McIntosh predicted that future energy legislation could include “mandates on new energy-efficiency standards among manufacturers, as well as subsidies and tax incentives for the manufacturers and the purchasers of the equipment,” suggesting Congress and the administration could look to state initiatives, as well as previous federal initiatives, as models for legislation. He said he expects the Obama administration to enunciate a basic plan for climate change, outlining principles, targets, and timetables. Objectives could be outlined for certain industries, allowing Congress to work on specific portions of the climate agenda without having to write a comprehensive bill.

McIntosh urged the HVACR industry to follow closely the activities of the Senate Committee on Energy and Natural Resources, the House Committee on Energy and Commerce, the House Committee on Ways and Means, the Senate Committee on Finance, the Environmental Protection Agency, and the Department of Energy, all of which are or, he expects, will get involved in the climate-change issue.

Kateri Callahan, president of the Alliance to Save Energy, discussed opportunities for growth in an increasingly energy-focused economy.

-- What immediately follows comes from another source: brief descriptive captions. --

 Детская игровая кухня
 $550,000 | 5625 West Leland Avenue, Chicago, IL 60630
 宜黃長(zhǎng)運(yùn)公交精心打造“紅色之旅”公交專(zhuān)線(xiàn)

Energy efficiency has been powering a major portion of the U.S. economy for more than 30 years and must play an even larger role in the future, Callahan said. Although it represents only about 4.5 percent of the world's population, the United States is the world's largest energy producer and consumer, with consumption outpacing production, resulting in the need for significant energy imports, she said.

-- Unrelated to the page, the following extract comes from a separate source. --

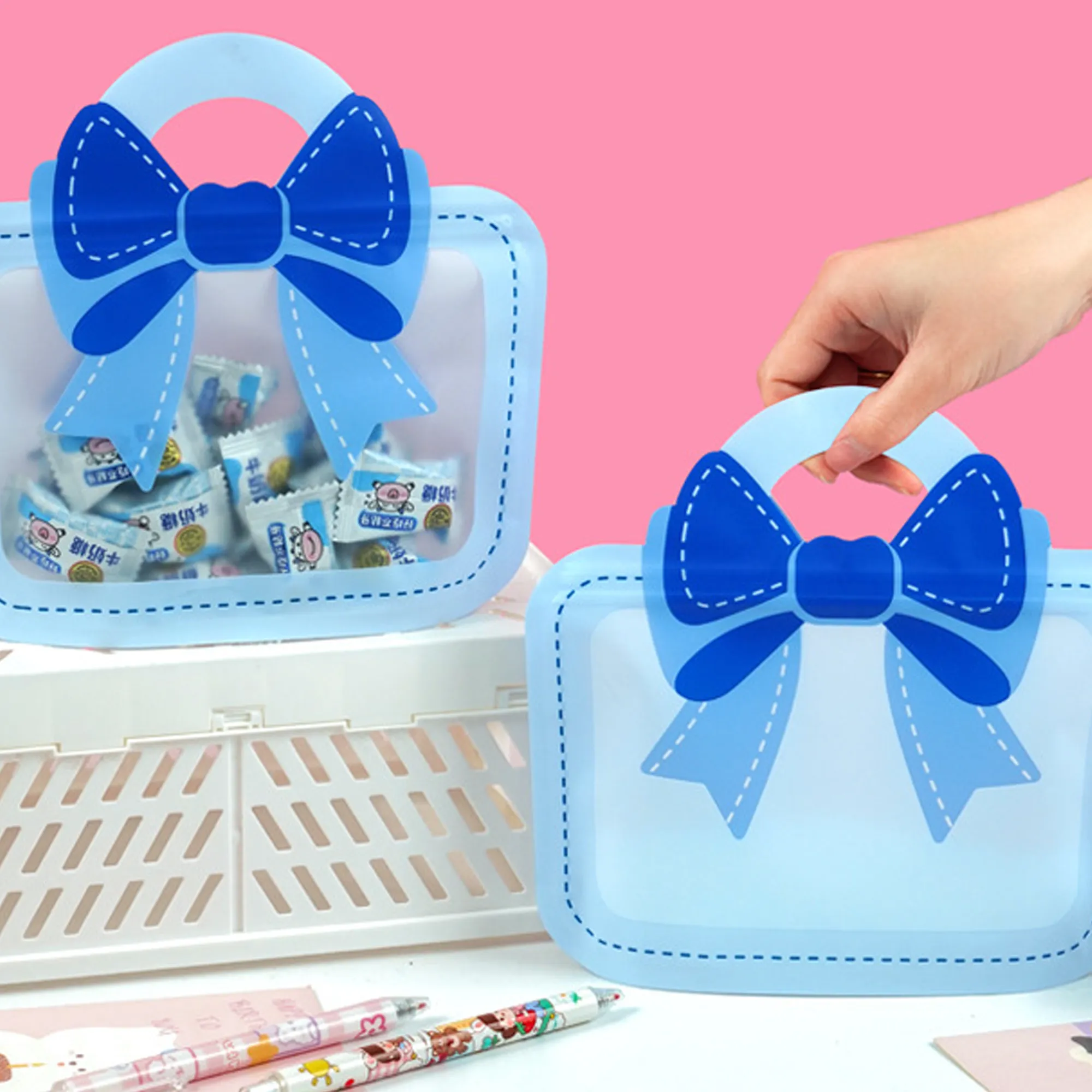Bow-Tie Handbag Style Snack Pouch 2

By capturing the energy savings possible with existing technologies, global energy-demand growth could be cut by half or more over the next 15 years, Callahan said.

Citing Energy Information Administration data, Callahan said the carbon-dioxide (CO2) emissions of the U.S. building sector are almost equal to the CO2 emissions of India and Japan combined. Building codes, she concluded, must be better-written and more strongly enforced.

John Christmas, senior vice president of Hannon Armstrong, a financial-services firm in Annapolis, Md., discussed emerging methods of financing commercial-building energy efficiency.

The final speaker, Joseph Turk, president of PWI Energy Inc., a Johnson Controls global energy-management provider based in Philadelphia, said: “We cannot wait for Congress to make changes on energy-efficiency policy. We — as individuals, as an industry — need to solve the problem. We need to change the way we live to support changes in energy efficiency. And the companies that are doing that already are creating business opportunities for the future.”